Shaya created a program that could review, X-ray and predict with 90 per cent accuracy whether or not the lungs being viewed had pneumonia or not, a classification problem that required research and testing. The model works quickly and efficiently.
"When you code, there is always an Aha! moment of joy," Shaya says. He’ll be experiencing it again soon as he finishes up a project designed to detect credit card fraud.
Gordon Liang, who’s in Year 10 and the club’s head of project development, created a program with an optimized search algorithm to solve the Rubik's Cube in about a second. It’s a brute force approach that tests sequences of moves, is optimized for speed and solves with the fewest moves possible.
Gordon began playing with the colourful cubes as a Year 5 student and is now so proficient that he can manually solve one in 10 seconds. The method both he and the computer use is the CFOP method, which solves the cube layer by layer.
To create his program, he used the Python programming language, which he learned with his father’s help. Gordon has made the open source code available on Github so others can use the program, too.
"Coding involves a lot of problem solving and requires troubleshooting,” he says. "Sometimes, it can be pretty frustrating, but it can be exciting, too."

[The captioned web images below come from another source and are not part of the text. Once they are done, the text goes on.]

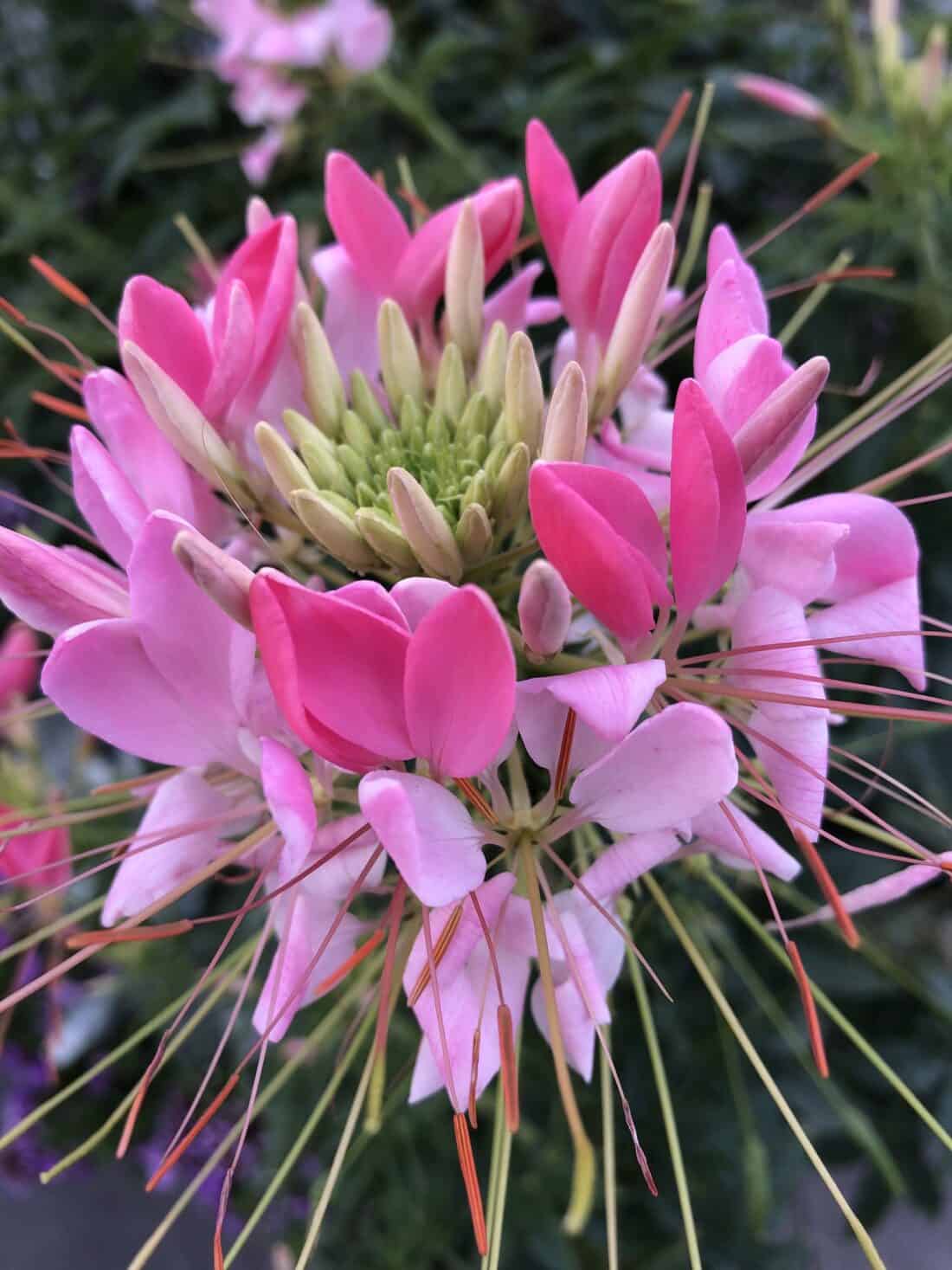 Close-up of a pink spider flower (Cleome hassleriana) in full bloom. The Cleome's delicate pink petals radiate from a central green core, with long, thin stamens extending outward, creating a spiky appearance against a leafy green background. It's like nature gathering friends in vibrant harmony.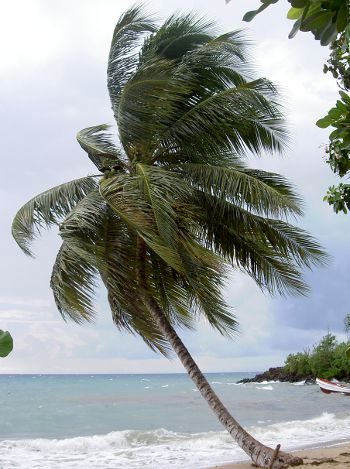 Cocos nucifera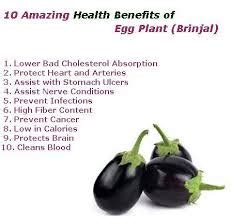 Brinjal Benefits - FAQs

Design teacher Paul Miskew, the club’s sponsor, credits its executive, Year 12 student Kevin Liu and Jefferson Ding, Year 11, for its success.
"The club allows for cross-grade collaboration, which is terrific," Miskew says. "Your grade doesn’t define your abilities and interests and it is developing a community of students who are not just programmers, but applying programming in a variety of personal and academic pursuits. I really think this club is driving a culture of innovation and design in the school."